The following seven sections should be used as headings within your paper.
Content Expectations:
- Part I: Audience and Rationale (1 point): Write an overview of the class and target population, including the age range, grade and/or subject area, and other relevant attributes of the culture in which the school is situated. If you are not currently teaching, you may use a prior class, a peer’s class, or invent the demographic information.
- Part II: Outcomes (1 point): List the instructional outcomes (i.e., learning objectives and standards) of the instructional experience including:
- Content Outcomes,
- 21st century skills with an emphasis on creativity and innovation
- Cultural competencies explicitly facilitated within the planned learning experience.
- Part III: Assessment (1 point): Describe how you will measure the degree to which the learners have acquired your targeted outcomes. You do not need to develop the assessments, just describe the format and what they would be in some detail.
- Part IV. Context Description (2 points): Describe the nature of the overall instructional context established by addressing
- Creativity (i.e., learners involved in making or creating something)
- Problem Solving (i.e., overall activity focuses on solving a specific or ill-defined problem)
OR
- A Real/Simulated Experience (i.e., activity consists of performing tasks that are part of a real-world experience or an experience designed to simulate real-world activity)
- Part V: Instructional Plan Summary (2 points): Summarize the planned instructional experiences, providing a justification for the need to employ a culturally relevant framework to help facilitate both creativity and innovation skills and the content-area skills the instructional experience addresses.

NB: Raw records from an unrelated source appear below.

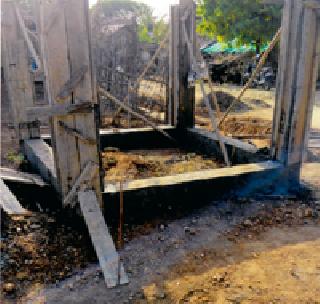 Coke water supply scheme works poorly | कोका पाणीपुरवठा योजनेचे काम निकृष्ट दर्जाचे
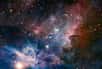 Le très grand télescope (VLT) de l’ESO a fourni l’image infrarouge la plus détaillée jamais réalisée de la nébuleuse de la Carène, une nurserie stellaire. De nombreuses structures jusque-là invisibles ont émergé, éparpillées sur ce spectaculaire paysage céleste de gaz, de poussière et de jeunes étoiles.
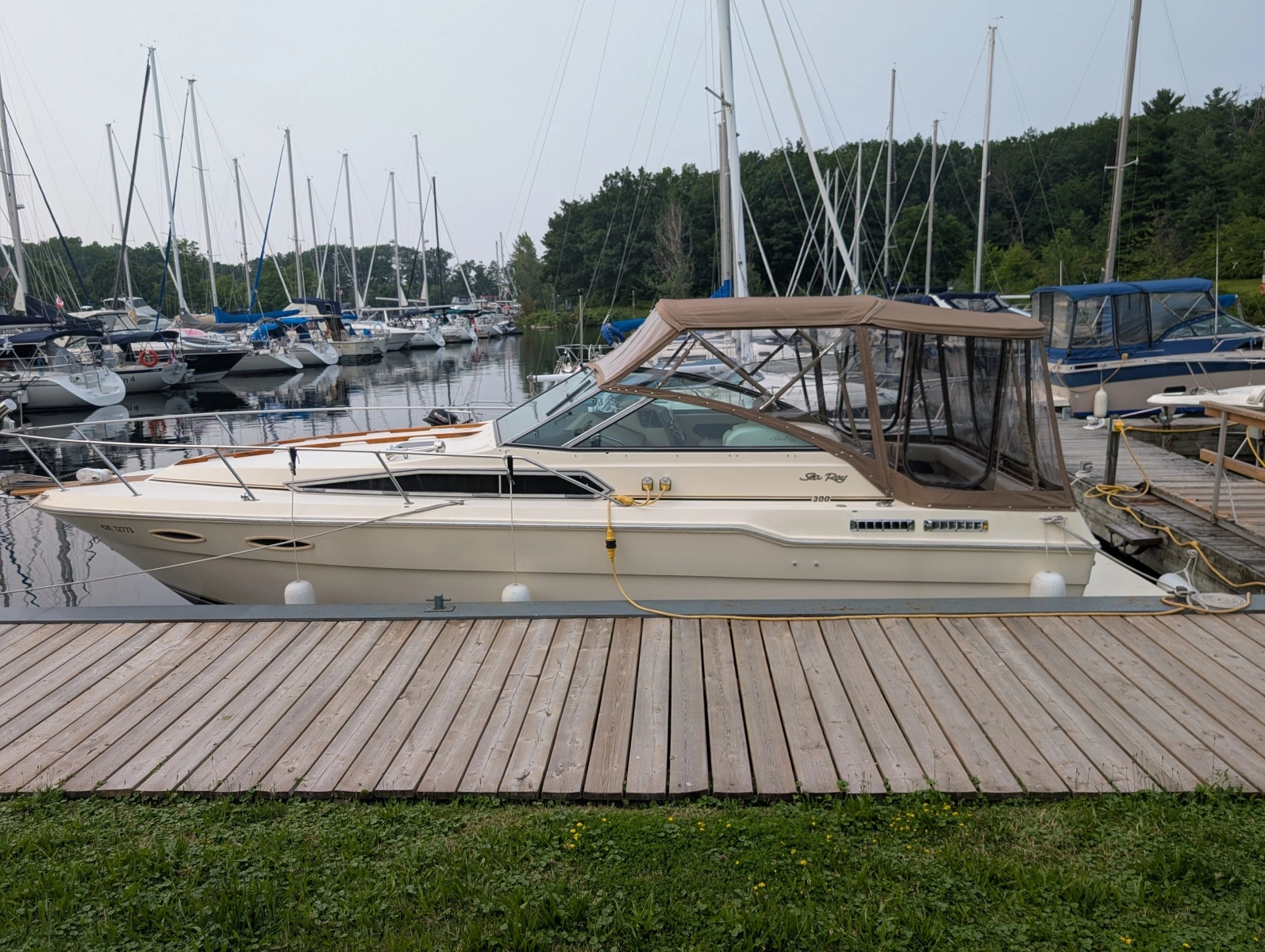 1986 Sea Ray 300 Weekender 30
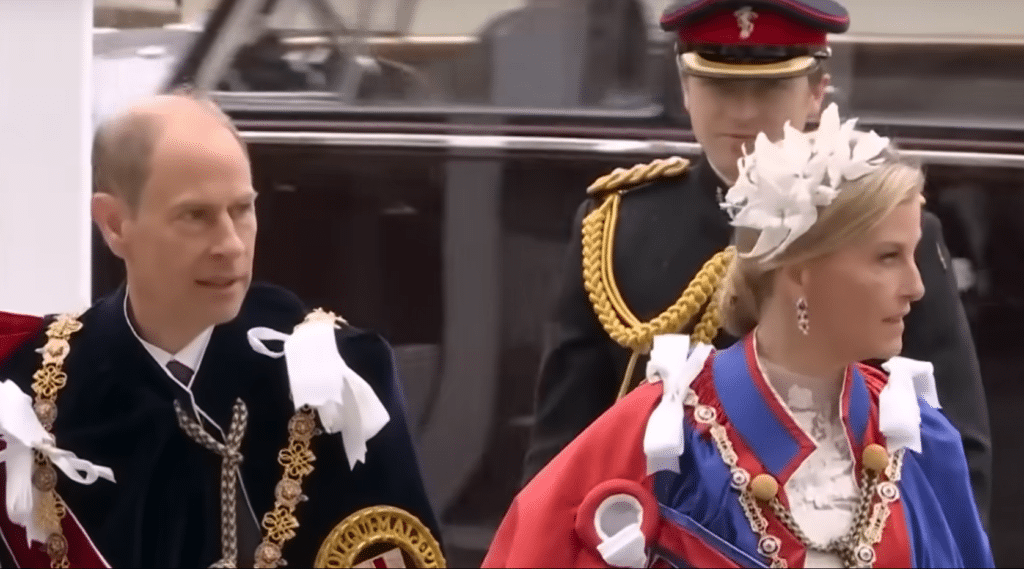 "Un accord secret conclu entre Charles III et le prince Andrew"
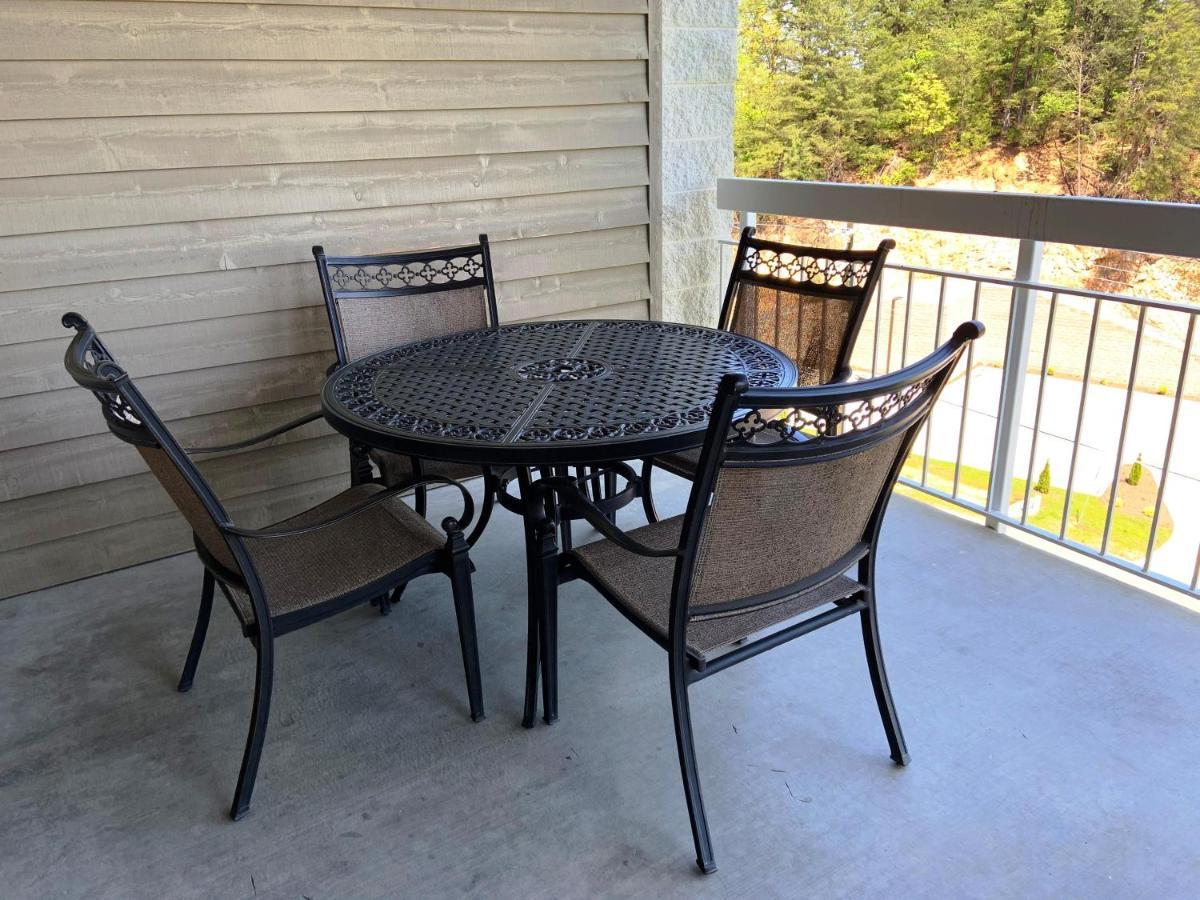 Whispering Pines 114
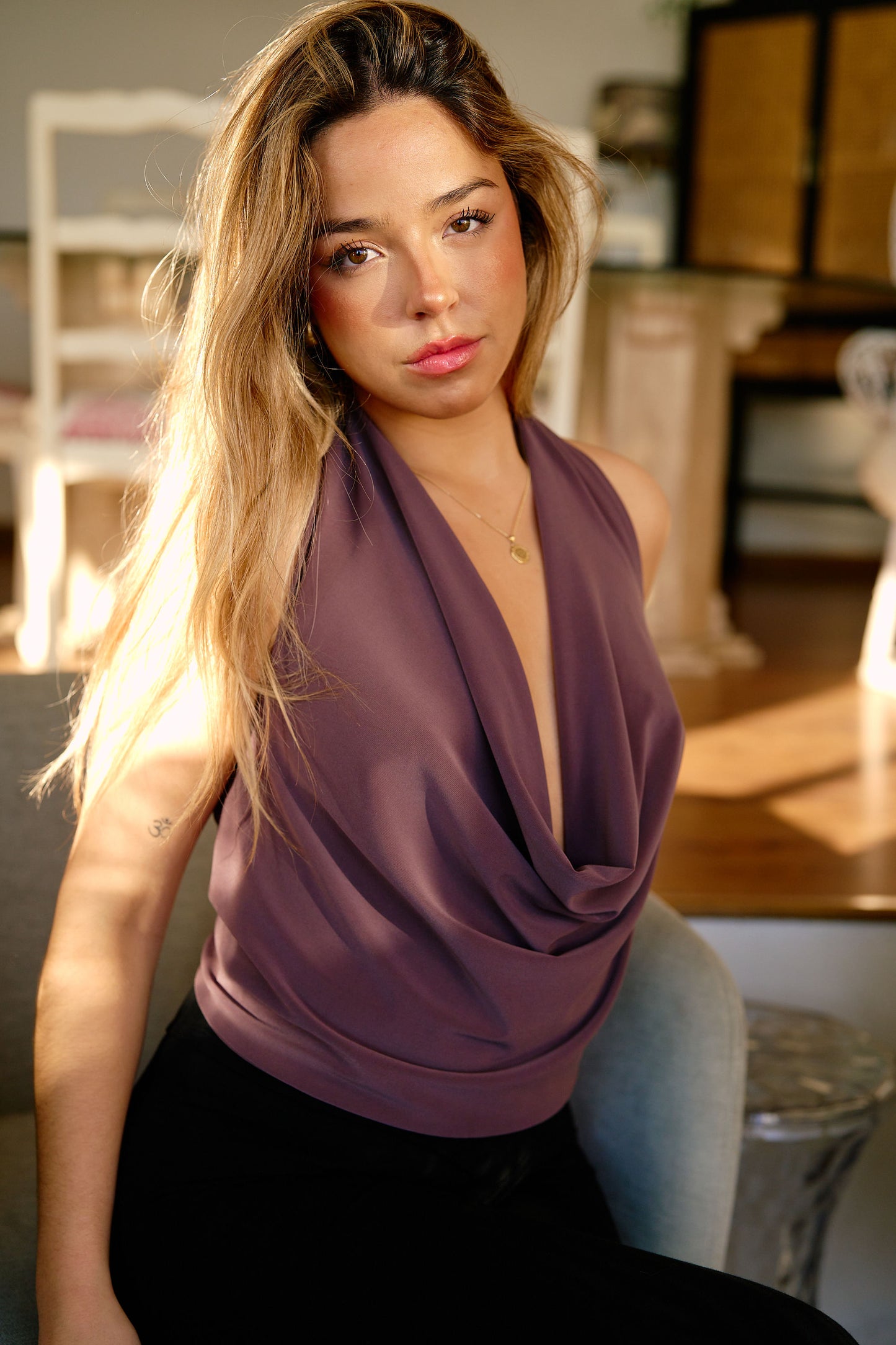 Top Emi canela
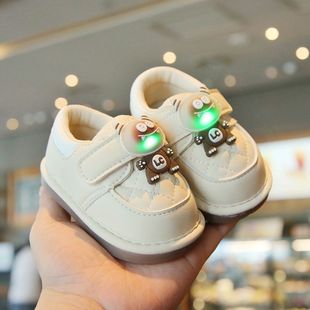 男宝宝学步鞋春秋卡通小童婴儿软底叫叫鞋子防滑女童单鞋亮灯皮鞋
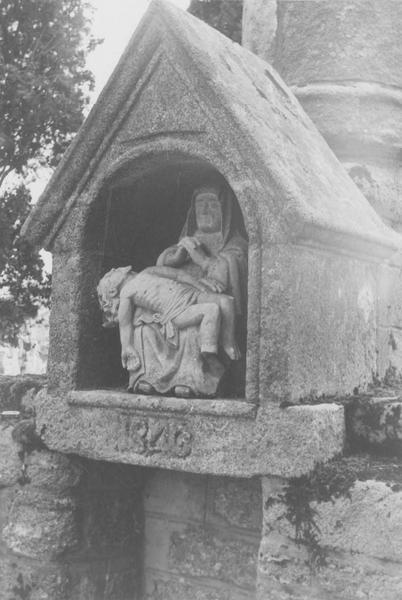 groupe sculpté : Vierge de Pitié, vue générale - © Ministère de la Culture (France), Médiathèque du patrimoine et de la photographie (objets mobiliers), tous droits réservés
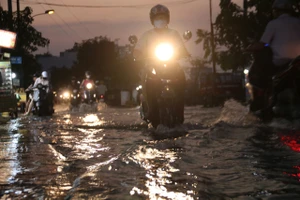 Người dân TP.HCM lội nước về nhà trong ngày triều cường đạt đỉnh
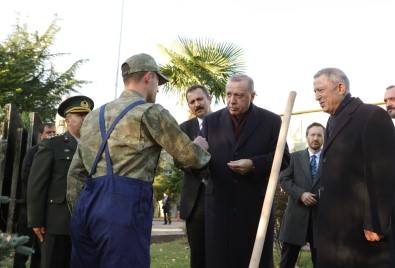 Cumhurbaşkanı Erdoğan'Dan Tezkeresine 10 Gün Kalan Askere Hediye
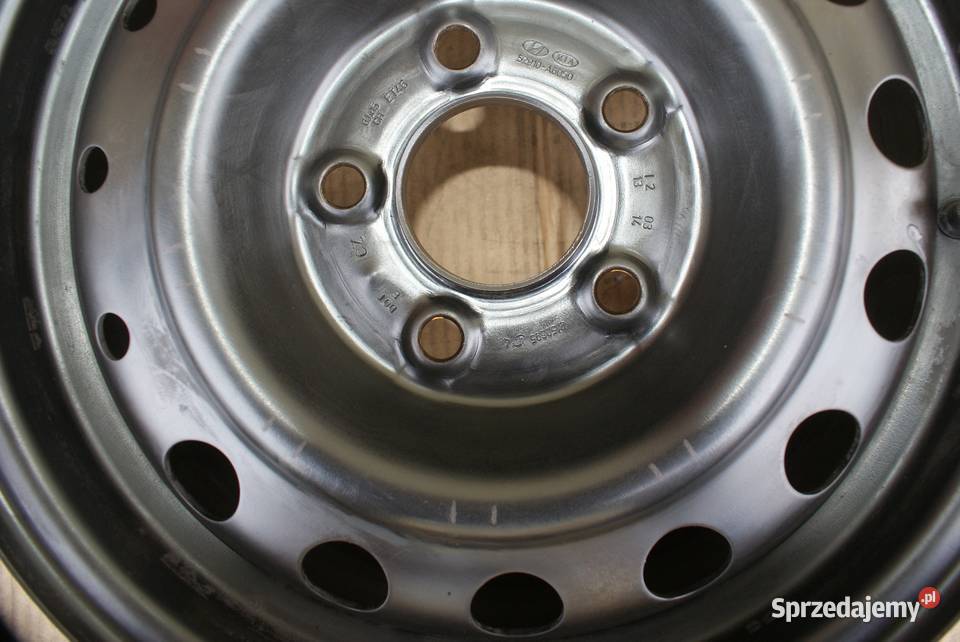 Felgi Stalowe 5x114x671 6Jx15cal ET46 Hyundai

- Part VI. Evidence of Culturally Relevant Pedagogy in the Instructional Plan (8 points): Describe the planned learning experiences in detail. Ensure the plan includes at least four of the following nine strategy options:
- Maximizing academic success through relevant instructional experiences
- Addressing cultural competence through reinforcing students’ cultural integrity
- Involving students in the construction of knowledge
- Building on students’ interests and linguistic resources
- Tapping home and community resources
- Understanding students’ cultural knowledge
- Using interactive and constructivist teaching strategies
- Examining the curriculum from multiple perspectives
- Promoting critical consciousness through opportunities to challenge predominant elements of the students’ social norms
- Part VII. Creativity/Innovation Strategies in the Instructional Plan (7.5 points): Ensure the planned instructional experience provides at least four of the following ten strategies for facilitating creativity and innovative thinking:
- Encouraging students to believe in their culture-influenced creative potential
- Nurturing the confidence to try
- Helping learners find their creative strengths
- Promoting experiment and inquiry and a willingness to make mistakes
- Encouraging generative thought, free from immediate criticism
- Encouraging the expression of personal ideas and feelings
- Conveying an understanding of phases in creative work and the need for time
- Developing an awareness of the roles of intuition and aesthetic processes
- Encouraging students to play with ideas and conjecture about possibilities
- Facilitating critical evaluation of ideas
Written Communication Expectations
- Page Requirement (.5 points): Submit eight to ten pages, not including the title and reference pages.
- APA Formatting (.75 points): Format your paper according to APA style as outlined in the Ashford Writing Center.
- Syntax and Mechanics (.5 points): Display meticulous comprehension and organization of syntax and mechanics, such as spelling and grammar.
- Source Requirement (.75 points): Reference three scholarly sources in addition to the course textbooks, providing compelling evidence to support ideas. All sources on the references page need to be used and cited correctly within the body of the assignment.